Kıskançlık mı?

yercekimlikaranfill

Üye
Kayıtlı Üye
8 Aralık 2017
30
31
8
Hanımlar, buraya ilk defa bir gönül meselem ile ilgili konu açıyorum. Aklı başında kadınlardan fikir almam gerekiyor çünkü. Elimden geldiği kadar kısa kesmeye çabalayacağım.

Yaklaşık iki ay evvel başlayan bir ilişkim var. Fazla detaya inmeden şöyle söyleyeyim: neredeyse her gün birbirimizi görüp, saatlerce bakışıp hiç konuşmadığımız bir buçuk aylık bir süre zarfı var bu iki aydan önce de. Duygusal ilişkilerim konusunda netliği seven ve çoğunlukla mantıklı davranmaya, tercihlerimi buna göre şekillendirmeye çalışan bir kadınım ya da kadındım demek daha doğru sanırım. O yüzden bir adamla bir buçuk ay, neredeyse her gün, bazen saatlerce bakışıp durmak benim için hiç beklenmedik bir şeydi. Hatta arkadaşıma anlatırken "ateş basıyor, kafamı başka tarafa çeviremiyorum." diye tabir ettiğim bir şeydi :) Normal şartlarda karşı taraftan beklemem bunu; fakat beyefendiyi görünce elim ayağıma dolaştığından, avucumun içine kadar ter bastığından yanına gidemedim bu süre zarfında. Ama ona çok fırsat verdim gelip konuşması için. Çevremizdeki herkesin anlayacağı kadar fırsat verdim. Beklediğim olmayınca cesaretimi toplayıp ben tanıştım.

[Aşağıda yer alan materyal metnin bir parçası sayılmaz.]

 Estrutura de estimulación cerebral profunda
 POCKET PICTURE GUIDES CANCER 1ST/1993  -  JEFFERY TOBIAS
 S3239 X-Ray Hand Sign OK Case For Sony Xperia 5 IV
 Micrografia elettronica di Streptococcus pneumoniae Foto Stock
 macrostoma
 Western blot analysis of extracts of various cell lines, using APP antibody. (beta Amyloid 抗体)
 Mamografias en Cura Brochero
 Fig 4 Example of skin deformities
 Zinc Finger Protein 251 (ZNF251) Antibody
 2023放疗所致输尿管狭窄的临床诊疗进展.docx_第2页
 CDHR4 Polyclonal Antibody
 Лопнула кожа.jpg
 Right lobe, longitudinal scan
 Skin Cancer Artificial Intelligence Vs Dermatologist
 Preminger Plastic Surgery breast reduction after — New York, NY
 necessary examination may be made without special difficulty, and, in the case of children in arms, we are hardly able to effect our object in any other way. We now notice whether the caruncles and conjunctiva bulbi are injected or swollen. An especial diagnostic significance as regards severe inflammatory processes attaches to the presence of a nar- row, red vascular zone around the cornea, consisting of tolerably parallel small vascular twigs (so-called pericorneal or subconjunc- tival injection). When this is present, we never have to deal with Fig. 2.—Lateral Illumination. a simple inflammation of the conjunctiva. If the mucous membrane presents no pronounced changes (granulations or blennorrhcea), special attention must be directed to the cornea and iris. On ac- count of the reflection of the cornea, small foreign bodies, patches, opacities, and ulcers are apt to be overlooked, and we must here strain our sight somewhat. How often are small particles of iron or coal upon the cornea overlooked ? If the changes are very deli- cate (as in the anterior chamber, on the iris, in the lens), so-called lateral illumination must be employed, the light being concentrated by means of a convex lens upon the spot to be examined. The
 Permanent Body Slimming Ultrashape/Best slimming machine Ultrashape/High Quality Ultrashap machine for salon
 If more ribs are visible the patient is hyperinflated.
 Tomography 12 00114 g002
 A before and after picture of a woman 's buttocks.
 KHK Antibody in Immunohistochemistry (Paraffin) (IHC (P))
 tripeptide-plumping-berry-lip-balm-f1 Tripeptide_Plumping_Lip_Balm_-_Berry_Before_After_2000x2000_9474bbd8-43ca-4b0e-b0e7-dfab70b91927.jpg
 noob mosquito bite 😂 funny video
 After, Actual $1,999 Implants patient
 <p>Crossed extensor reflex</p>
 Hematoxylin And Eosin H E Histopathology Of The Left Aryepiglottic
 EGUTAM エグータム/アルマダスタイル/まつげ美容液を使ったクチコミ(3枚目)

Gerçekten ciddi bir süredir hayatına kimseyi almamış yaşadığı bazı travmatik meselelerden ötürü. O yüzden bana karşı fazlaca duvarı vardı. Gelip benimle konuşmamasını da bununla açıklıyordu. Uzun süredir hayatına kimseyi sokmaması ve yanıma gelip tanışamayacak kadar heyecanlanması.

Geçen gün saatlerce kendiyle alakalı konuştu, anlattı. Ben de içini açıyor diye mutlu olarak dinledim. Bazı meseleri anlatırken eski ilişkisinden konu açıldı. Asla ve katiyen kıskançlık hissetmedim. Mizacıma da ters diye biliyordum böyle şeyleri. Sonra şu son birkaç ay içinde birkaç kadınla flört ettiğini öğrendim. Biraz ağzından kaçırmış gibi oldu. Işte eski sevgili meselesinde zerre tepki vermeyen ben, bu meseleyi sindiremiyorum.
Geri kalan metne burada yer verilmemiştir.